Unnamed: 0,employee_id,department,region,education,gender,recruitment_channel,no_of_trainings,age,previous_year_rating,length_of_service,KPIs_met >80%,awards_won?,avg_training_score,is_promoted
0,65438,Sales & Marketing,region_7,Master's & above,f,sourcing,1,35,5.0,8,1,0,49,0
1,65141,Operations,region_22,Bachelor's,m,other,1,30,5.0,4,0,0,60,0
2,7513,Sales & Marketing,region_19,Bachelor's,m,sourcing,1,34,3.0,7,0,0,50,0
3,2542,Sales & Marketing,region_23,Bachelor's,m,other,2,39,1.0,10,0,0,50,0
4,48945,Technology,region_26,Bachelor's,m,other,1,45,3.0,2,0,0,73,0


In [6]:
# In above data, Gender is nominal categorical data. we can use one Hot encoding for nominal categorical variable

In [7]:
Gender_dum = train['gender']

In [8]:
Gender_dum .head()

0    f
1    m
2    m
3    m
4    m
Name: gender, dtype: object

In [9]:
Gender_dum = pd.get_dummies(Gender_dum ,drop_first = True)

In [10]:
Gender_dum .head()

Unnamed: 0,m
0,0
1,1
2,1
3,1
4,1


In [11]:
train = pd.concat([train,Gender_dum],axis=1,)

In [12]:
train.head(4)

Unnamed: 0,employee_id,department,region,education,gender,recruitment_channel,no_of_trainings,age,previous_year_rating,length_of_service,KPIs_met >80%,awards_won?,avg_training_score,is_promoted,m
0,65438,Sales & Marketing,region_7,Master's & above,f,sourcing,1,35,5.0,8,1,0,49,0,0
1,65141,Operations,region_22,Bachelor's,m,other,1,30,5.0,4,0,0,60,0,1
2,7513,Sales & Marketing,region_19,Bachelor's,m,sourcing,1,34,3.0,7,0,0,50,0,1
3,2542,Sales & Marketing,region_23,Bachelor's,m,other,2,39,1.0,10,0,0,50,0,1


In [13]:
train = train.drop(['gender'],axis=1)

In [14]:
train.head(4)

Unnamed: 0,employee_id,department,region,education,recruitment_channel,no_of_trainings,age,previous_year_rating,length_of_service,KPIs_met >80%,awards_won?,avg_training_score,is_promoted,m
0,65438,Sales & Marketing,region_7,Master's & above,sourcing,1,35,5.0,8,1,0,49,0,0
1,65141,Operations,region_22,Bachelor's,other,1,30,5.0,4,0,0,60,0,1
2,7513,Sales & Marketing,region_19,Bachelor's,sourcing,1,34,3.0,7,0,0,50,0,1
3,2542,Sales & Marketing,region_23,Bachelor's,other,2,39,1.0,10,0,0,50,0,1


***Advantage:***

* Easy to use 
* Fast way to handle categorical column values.

***Disadvantage:***

* get_dummies method is not useful when data have many categorical columns.
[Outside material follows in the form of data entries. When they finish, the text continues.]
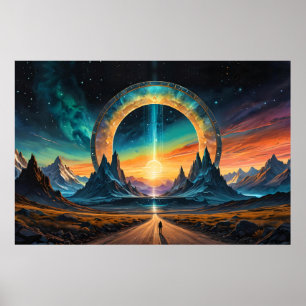 New Beginnings: Step Through a Stargate Poster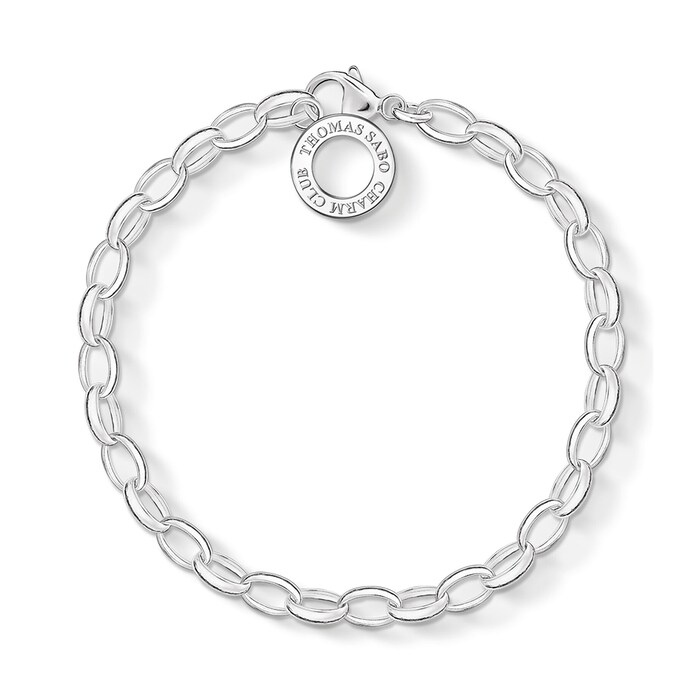 Thomas Sabo Sterling Silver 17cm Charm Carrier Bracelet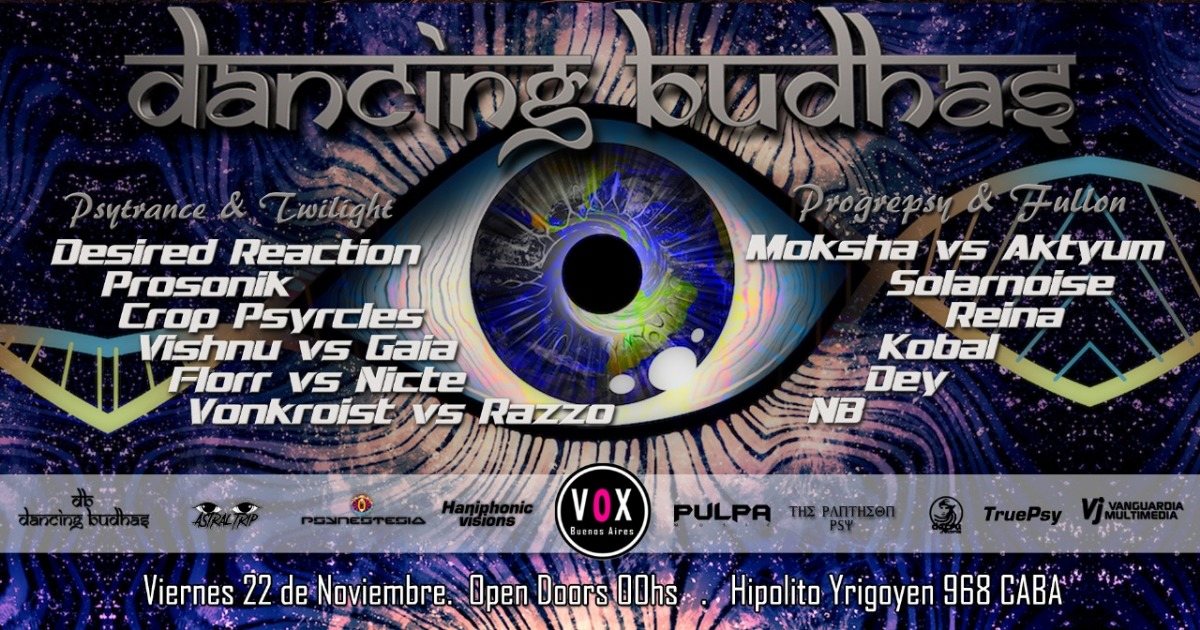Dancing Budhas (2 Dancefloors) 22 Nov '19, 23:30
* If the category column has many categories leads to add many features into the dataset.

* Hence, This method is only useful when data having less categorical columns with fewer categories.

In [15]:
# One Hot encoding with many categorical feature

#### Ordinal Number Encoding

When the categorical variables are ordinal, the easiest approach is to replace each label/category by some ordinal number based on the ranks.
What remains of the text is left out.